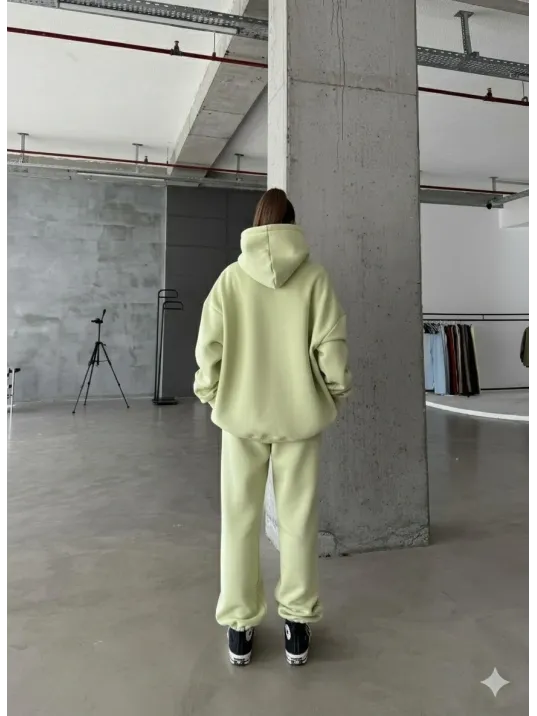 3 İplik Şardonlu Kapşonlu Sweatshirt Mint P510436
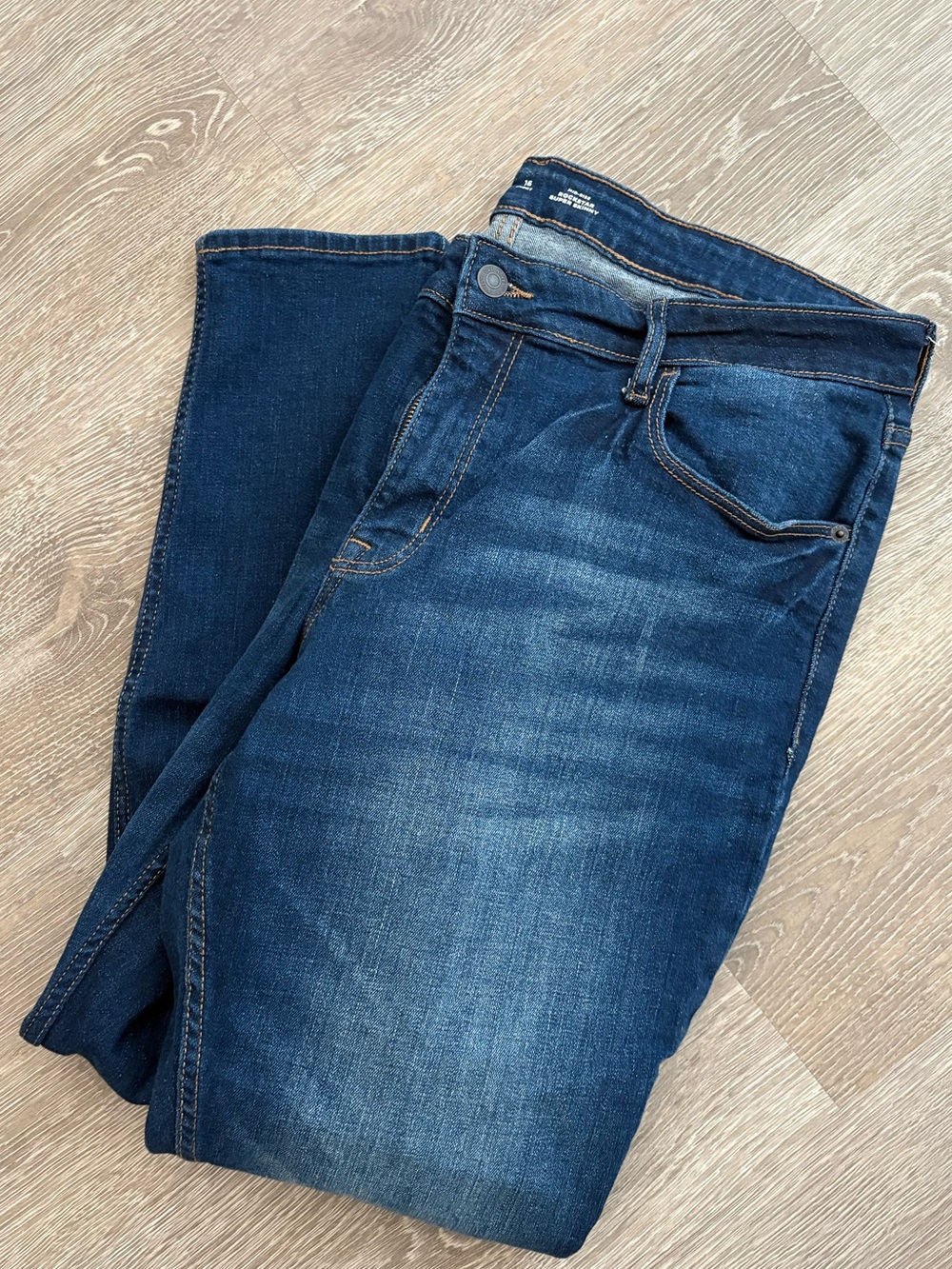 Old Navy Rockstar Super Skinny Dark Blue Stretch Jeans - Womens - 16S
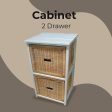 Hyssop 2 Chest of Drawers Cane Bedroom Kitchen Bathroom Storage Tallboy Shelf Fashion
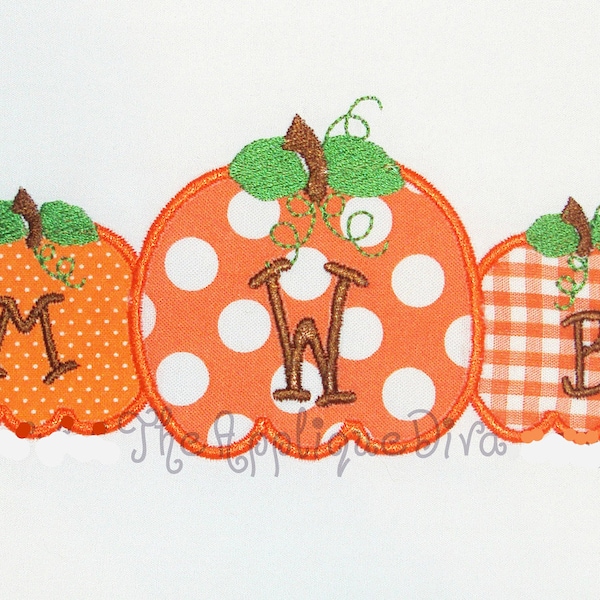 3 Pumpkins Fall Digital Embroidery Design Machine Applique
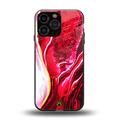 magical pink liquid marble back phone cover | glass case for iphone 16 pro max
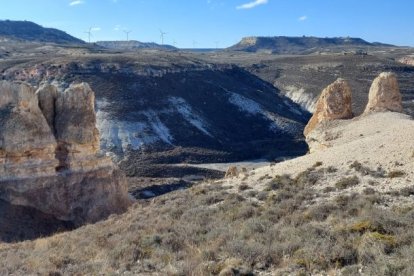 Espectaculares formaciones calcáreas en 'la Capadocia soriana', junto al pueblo de Aguaviva de la Vega.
══════════
**TASK:** An exact copy of the lines above, from the first through the line that holds "magical pink liquid", is what is needed; leave the pictures out.

**FINISHED TASK:**
 3 İplik Şardonlu Kapşonlu Sweatshirt Mint P510436
 Old Navy Rockstar Super Skinny Dark Blue Stretch Jeans - Womens - 16S
 Hyssop 2 Chest of Drawers Cane Bedroom Kitchen Bathroom Storage Tallboy Shelf Fashion
 3 Pumpkins Fall Digital Embroidery Design Machine Applique
 magical pink liquid marble back phone cover | glass case for iphone 16 pro max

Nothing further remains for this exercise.